More frequently, employers are engaging people to work under independent contractor agreements rather than employment contracts. The employer and contractor relationship is wholly different from the employer and employee relationship, and each carries different benefits and detriments for the parties.

In an employer and independent contractor relationship, the parties cannot rely on the Employment Relations Act, as the Act does not apply to contractors. This becomes problematic, as the relationship between contractor and employer may operate and appear to be like an employee and employer relationship yet is governed by entirely different law.

Some employers accidentally classify employees as contractors without realising the consequences of this action. However, other employers deliberately do this in an attempt to avoid their responsibility for employee entitlements. Employers may see this relationship as more desirable, as independent contractors are not entitled to annual, sick leave or holiday pay. As well as this, independent contractors cannot bring personal grievances. Importantly, a contractor can be terminated subject to the specific terms of his or her contract, whereas an employee can only be terminated if that termination can be procedurally and substantively justified.

Section 6 of the Employment Relations Act provides a definition for who is an ‘employee’. This section sets out the approach that the Court or Authority is to determine whether an individual is engaged as a contractor or an employee. The Authority must consider the “real nature of the relationship between them”, which is done through a balancing exercise. Case law has developed four core tests to assist in this balancing test.

1. Intention test

What the parties intended the relationship to be is relevant, but it doesn’t on its own determine the true nature of their relationship. Intention is usually deduced from the wording in the parties’ written agreement.

2. Control vs independence test

The Court will consider how much control is exercised over the worker’s work content, hours and methods. The greater the control, the more likely it is that a person is an employee. A worker with greater freedom to choose who to work for, and where and when to work, is more likely to be a contractor.

3. Integration test

This test looks at whether the work performed by the person is fundamental to the employer’s business and whether they are ‘part and parcel’ of the organisation. Usually, the work performed by a contractor is only a supplementary part of the business and is not the type of business commonly done by employees.

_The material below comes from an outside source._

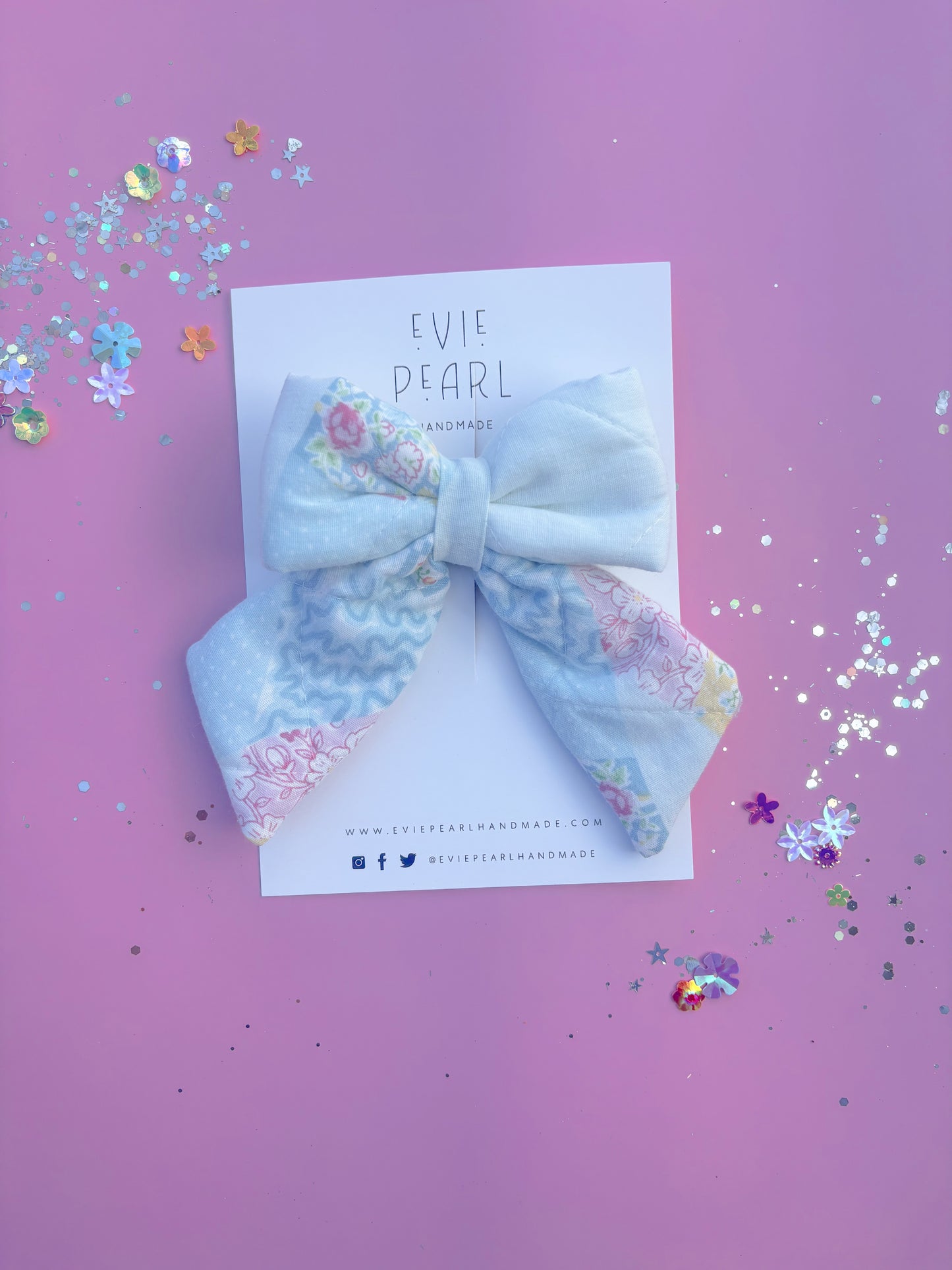 Pastel Patchwork Medium Puffy Sailor Bow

4. Fundamental/economic reality test

This test is concerned with whether the alleged employee engaged themselves to perform the services with the employer as a person in business on their own account.

The Court and Authority have a great deal of discretion in this area, and this allows them to interpret the tests as they see fit. In theory, the tests outlined above appear to be a fair and equal balancing test. However, case law and Authority rulings have proven that this is not so. Despite the Koia v Carlyon Holding Ltd ruling that the intention test is not determinative, the Authority gives large weighting to the contractual relationship. This is problematic, because it fails to adequately address the intention of the worker. More often than not, a layperson presented with a contract for services will sign the document without considering the legal implications of the relationship. Furthermore, the person being offered the work is generally not in a position to negotiate the contract. They may be desperate for work, unaware of the difference between contractor and employee, and keen to sign whatever is put in front of them. This allows employers to take advantage of workers and face no repercussions.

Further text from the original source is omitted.